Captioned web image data

>>>>

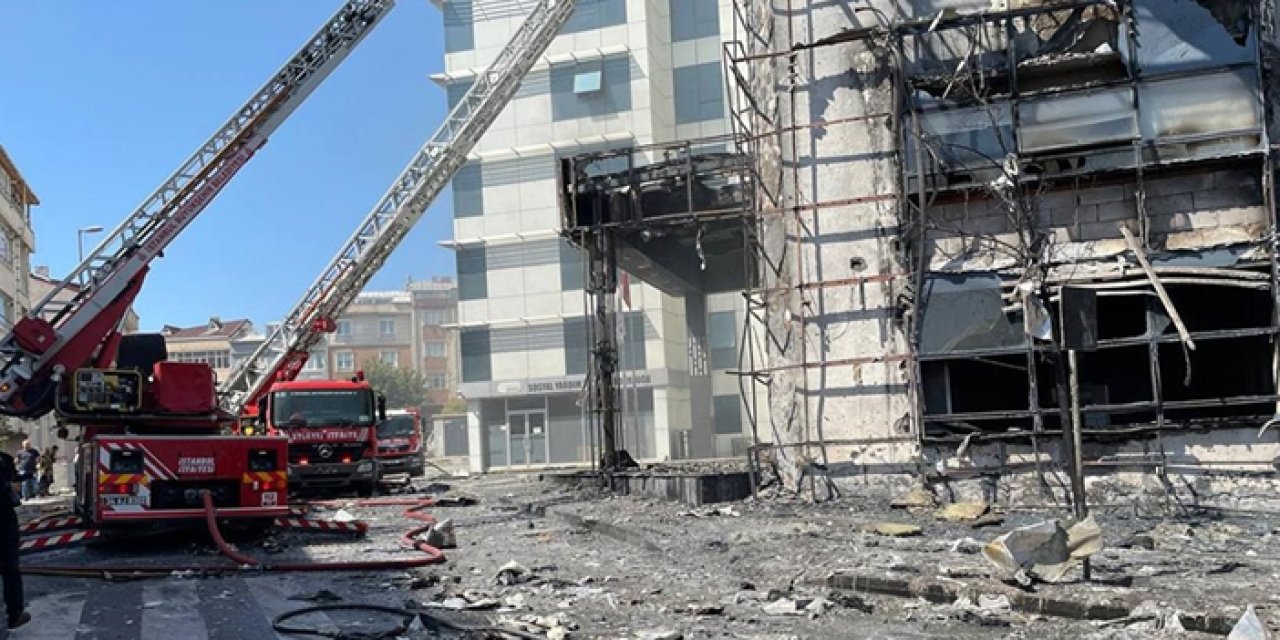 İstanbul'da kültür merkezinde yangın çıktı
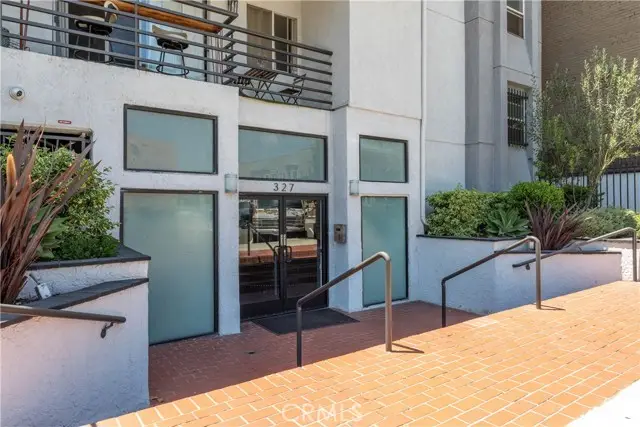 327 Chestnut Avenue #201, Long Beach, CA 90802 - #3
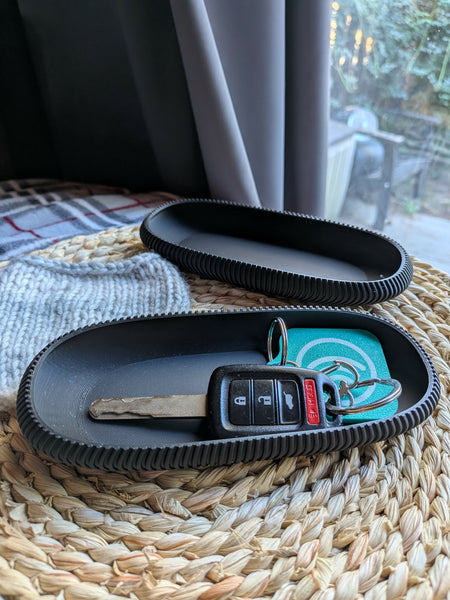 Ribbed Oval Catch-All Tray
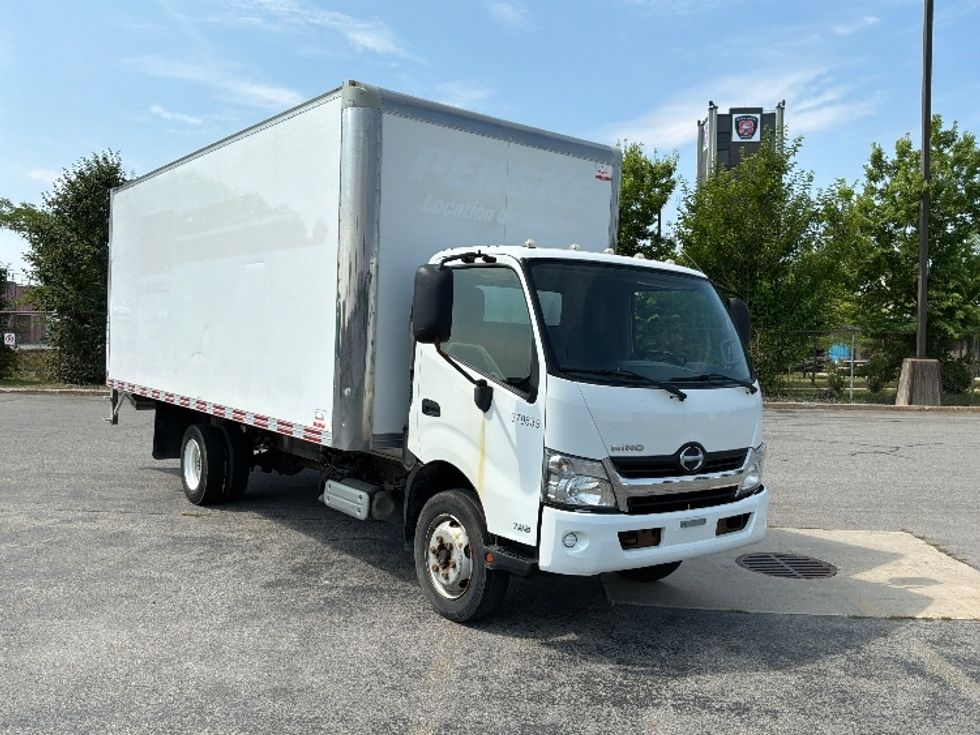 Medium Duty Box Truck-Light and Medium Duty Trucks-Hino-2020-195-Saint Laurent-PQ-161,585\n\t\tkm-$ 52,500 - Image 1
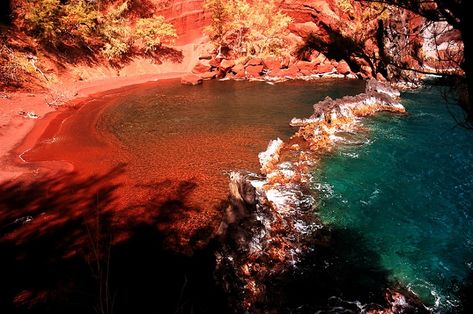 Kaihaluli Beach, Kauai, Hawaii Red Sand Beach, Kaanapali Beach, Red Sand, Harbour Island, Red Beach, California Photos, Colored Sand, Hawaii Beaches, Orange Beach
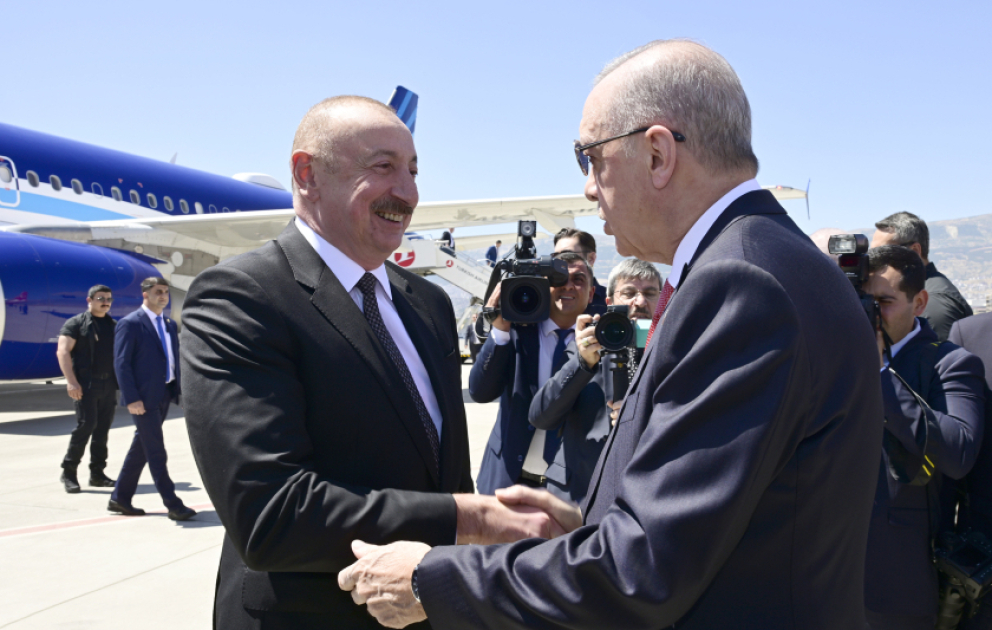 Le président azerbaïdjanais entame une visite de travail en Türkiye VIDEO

<<<<

• Required work: Leaving out every picture, copy exactly the lines from the one that contains "Medium Duty Box" through the end of the entries above.

• Response area:
 Medium Duty Box Truck-Light and Medium Duty Trucks-Hino-2020-195-Saint Laurent-PQ-161,585\n\t\tkm-$ 52,500 - Image 1
 Kaihaluli Beach, Kauai, Hawaii Red Sand Beach, Kaanapali Beach, Red Sand, Harbour Island, Red Beach, California Photos, Colored Sand, Hawaii Beaches, Orange Beach
 Le président azerbaïdjanais entame une visite de travail en Türkiye VIDEO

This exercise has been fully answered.